Macduff serves as a character foil to Macbeth because their contrast conveys with greater clarity Macduff's strengths -- humility, loyalty, and goodness -- and Macbeth's flaws -- excessive ambition, disloyalty, and ruthlessness. Macduff is not overly ambitious, and he does not seek to increase his power. When Macbeth is crowned, Macduff doesn't go to the coronation; nor does he attend Macbeth's dinner party later on in the play. If Macduff were more interested in advancing himself, he could neglect his scruples, as Macbeth has done, and make a bid for greater power.
Further, Macduff is loyal to Duncan, and his loyalty never seems to waver. When he discovers Duncan's body, he says, "Confusion now hath made his masterpiece. / Most sacrilegious murder hath broke ope / The Lord's anointed temple and stole thence / The life o' th' building" (2.3.76-79). He doesn't see Duncan's death and Malcolm's flight as an opportunity for himself; instead, he sincerely grieves the death of a good and kind king.
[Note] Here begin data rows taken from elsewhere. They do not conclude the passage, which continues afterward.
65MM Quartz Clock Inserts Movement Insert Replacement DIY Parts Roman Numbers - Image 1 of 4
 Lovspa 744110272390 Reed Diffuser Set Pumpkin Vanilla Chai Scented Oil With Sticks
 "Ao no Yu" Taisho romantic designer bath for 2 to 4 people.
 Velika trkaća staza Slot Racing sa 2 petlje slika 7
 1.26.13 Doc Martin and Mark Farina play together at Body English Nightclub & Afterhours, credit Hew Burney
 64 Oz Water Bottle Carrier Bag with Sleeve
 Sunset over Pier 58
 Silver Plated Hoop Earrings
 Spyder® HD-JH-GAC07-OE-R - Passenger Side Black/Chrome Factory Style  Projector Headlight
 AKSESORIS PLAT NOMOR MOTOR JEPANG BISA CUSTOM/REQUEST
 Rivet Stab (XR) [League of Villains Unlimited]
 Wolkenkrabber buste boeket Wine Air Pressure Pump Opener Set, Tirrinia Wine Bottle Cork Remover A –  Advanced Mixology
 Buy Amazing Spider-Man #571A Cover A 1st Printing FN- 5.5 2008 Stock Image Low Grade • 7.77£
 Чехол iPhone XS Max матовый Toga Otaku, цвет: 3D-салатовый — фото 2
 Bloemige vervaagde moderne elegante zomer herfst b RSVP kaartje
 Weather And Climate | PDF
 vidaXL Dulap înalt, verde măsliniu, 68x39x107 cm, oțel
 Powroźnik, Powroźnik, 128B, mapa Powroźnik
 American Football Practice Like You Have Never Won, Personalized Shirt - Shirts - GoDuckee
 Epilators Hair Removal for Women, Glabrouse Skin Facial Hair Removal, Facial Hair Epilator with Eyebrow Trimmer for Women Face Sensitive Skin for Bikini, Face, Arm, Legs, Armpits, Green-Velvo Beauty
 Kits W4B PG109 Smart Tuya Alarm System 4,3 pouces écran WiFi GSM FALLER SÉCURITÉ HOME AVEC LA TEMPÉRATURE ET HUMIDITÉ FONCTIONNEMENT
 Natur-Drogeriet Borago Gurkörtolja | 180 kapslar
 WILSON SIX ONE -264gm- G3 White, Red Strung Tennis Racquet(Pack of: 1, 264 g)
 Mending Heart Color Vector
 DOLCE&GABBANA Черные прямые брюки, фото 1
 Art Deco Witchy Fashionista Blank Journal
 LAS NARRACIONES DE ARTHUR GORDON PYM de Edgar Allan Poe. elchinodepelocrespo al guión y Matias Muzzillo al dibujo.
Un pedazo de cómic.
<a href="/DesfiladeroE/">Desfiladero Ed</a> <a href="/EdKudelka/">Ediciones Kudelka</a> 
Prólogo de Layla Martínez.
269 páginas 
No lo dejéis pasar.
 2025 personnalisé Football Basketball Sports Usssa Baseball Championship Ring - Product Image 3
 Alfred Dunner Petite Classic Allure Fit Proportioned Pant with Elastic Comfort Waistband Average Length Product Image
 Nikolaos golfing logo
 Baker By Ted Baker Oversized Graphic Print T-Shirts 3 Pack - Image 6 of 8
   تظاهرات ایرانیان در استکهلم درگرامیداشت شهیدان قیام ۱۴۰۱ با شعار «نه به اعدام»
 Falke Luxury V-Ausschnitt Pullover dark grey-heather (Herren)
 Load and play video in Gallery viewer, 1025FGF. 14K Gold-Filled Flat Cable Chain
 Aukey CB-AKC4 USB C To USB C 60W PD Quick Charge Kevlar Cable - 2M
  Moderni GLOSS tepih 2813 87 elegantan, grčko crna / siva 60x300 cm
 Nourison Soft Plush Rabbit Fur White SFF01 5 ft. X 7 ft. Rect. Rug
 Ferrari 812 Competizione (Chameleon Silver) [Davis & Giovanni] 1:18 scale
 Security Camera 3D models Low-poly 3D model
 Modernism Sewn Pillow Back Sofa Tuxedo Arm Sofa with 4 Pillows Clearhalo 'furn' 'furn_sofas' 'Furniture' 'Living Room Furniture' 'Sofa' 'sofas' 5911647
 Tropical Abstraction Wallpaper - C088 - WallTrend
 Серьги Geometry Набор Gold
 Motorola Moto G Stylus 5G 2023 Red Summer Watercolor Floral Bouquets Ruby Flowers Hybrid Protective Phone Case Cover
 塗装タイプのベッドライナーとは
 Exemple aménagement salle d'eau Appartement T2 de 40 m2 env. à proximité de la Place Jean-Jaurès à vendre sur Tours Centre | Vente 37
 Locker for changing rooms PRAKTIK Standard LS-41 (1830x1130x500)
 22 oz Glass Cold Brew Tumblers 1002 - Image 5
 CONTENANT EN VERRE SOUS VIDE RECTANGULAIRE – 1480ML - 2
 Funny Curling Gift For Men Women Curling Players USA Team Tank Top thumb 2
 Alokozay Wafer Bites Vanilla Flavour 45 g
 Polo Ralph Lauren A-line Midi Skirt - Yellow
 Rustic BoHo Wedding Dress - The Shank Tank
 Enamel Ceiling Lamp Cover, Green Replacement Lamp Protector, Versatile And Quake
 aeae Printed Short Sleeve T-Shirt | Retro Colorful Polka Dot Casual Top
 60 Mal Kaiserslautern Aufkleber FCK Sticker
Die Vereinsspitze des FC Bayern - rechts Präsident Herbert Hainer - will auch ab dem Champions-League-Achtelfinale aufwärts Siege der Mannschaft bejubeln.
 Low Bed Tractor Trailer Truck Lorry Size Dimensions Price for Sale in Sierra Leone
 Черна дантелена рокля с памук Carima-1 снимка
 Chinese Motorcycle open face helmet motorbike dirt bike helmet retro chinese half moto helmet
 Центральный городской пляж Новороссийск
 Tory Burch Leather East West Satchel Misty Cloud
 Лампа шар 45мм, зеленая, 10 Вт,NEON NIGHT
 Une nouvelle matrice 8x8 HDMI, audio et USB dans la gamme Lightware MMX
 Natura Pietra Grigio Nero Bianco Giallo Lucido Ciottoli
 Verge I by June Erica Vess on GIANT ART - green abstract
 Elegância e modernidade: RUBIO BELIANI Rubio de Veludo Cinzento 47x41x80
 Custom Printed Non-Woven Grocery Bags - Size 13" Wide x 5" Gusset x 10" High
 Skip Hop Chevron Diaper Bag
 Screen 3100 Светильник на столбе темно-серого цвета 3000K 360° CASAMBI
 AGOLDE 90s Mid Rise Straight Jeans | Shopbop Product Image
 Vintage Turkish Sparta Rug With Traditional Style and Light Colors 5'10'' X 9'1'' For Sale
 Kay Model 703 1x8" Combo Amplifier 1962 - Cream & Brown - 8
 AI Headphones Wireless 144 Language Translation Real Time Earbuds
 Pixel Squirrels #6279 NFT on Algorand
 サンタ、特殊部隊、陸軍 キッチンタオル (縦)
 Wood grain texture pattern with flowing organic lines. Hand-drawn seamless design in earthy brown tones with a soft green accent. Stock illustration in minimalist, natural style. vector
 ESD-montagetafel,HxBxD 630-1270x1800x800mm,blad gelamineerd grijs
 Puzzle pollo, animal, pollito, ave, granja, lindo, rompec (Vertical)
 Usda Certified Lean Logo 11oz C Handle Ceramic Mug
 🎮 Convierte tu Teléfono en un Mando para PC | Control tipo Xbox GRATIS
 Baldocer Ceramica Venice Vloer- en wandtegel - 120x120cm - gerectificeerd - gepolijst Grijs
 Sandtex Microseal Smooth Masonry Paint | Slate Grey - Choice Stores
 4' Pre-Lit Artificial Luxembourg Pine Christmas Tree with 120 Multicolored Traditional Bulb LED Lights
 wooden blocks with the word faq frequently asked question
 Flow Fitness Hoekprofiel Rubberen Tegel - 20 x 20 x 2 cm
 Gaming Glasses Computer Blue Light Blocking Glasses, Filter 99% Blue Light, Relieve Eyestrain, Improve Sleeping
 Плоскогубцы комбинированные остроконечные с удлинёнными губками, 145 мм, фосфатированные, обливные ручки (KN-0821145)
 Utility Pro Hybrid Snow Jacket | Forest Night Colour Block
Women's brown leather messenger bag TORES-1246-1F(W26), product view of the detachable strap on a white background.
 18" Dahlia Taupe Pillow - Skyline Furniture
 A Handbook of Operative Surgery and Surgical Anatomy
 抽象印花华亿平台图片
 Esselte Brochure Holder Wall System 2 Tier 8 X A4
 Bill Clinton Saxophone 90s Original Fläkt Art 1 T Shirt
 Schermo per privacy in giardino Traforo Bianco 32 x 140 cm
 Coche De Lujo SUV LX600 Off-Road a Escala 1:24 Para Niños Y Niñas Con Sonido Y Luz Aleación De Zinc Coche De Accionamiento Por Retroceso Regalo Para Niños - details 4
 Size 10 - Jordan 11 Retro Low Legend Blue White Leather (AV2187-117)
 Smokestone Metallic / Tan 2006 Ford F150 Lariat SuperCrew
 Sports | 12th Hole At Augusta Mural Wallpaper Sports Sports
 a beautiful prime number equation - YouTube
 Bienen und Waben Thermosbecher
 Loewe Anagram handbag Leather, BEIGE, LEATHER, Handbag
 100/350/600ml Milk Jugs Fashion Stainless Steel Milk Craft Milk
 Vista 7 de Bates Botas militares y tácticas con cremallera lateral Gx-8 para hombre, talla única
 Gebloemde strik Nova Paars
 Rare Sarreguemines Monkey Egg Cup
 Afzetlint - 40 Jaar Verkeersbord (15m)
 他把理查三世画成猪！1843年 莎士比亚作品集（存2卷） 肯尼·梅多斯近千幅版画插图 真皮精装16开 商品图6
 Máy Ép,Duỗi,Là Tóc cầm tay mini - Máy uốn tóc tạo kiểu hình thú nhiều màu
Finally, when Macduff travels to England to see Malcolm, he leaves his wife and children behind, and it doesn't seem to occur to him that Macbeth would direct any violence toward them. He has honor, something Macbeth lacks. Macduff initially intends only to unseat Macbeth, but once he learns that Macbeth has murdered his innocent family and servants, he vows to kill the king. However, it takes a great deal for him to reach this conclusion and it takes relatively little to convince Macbeth to murder.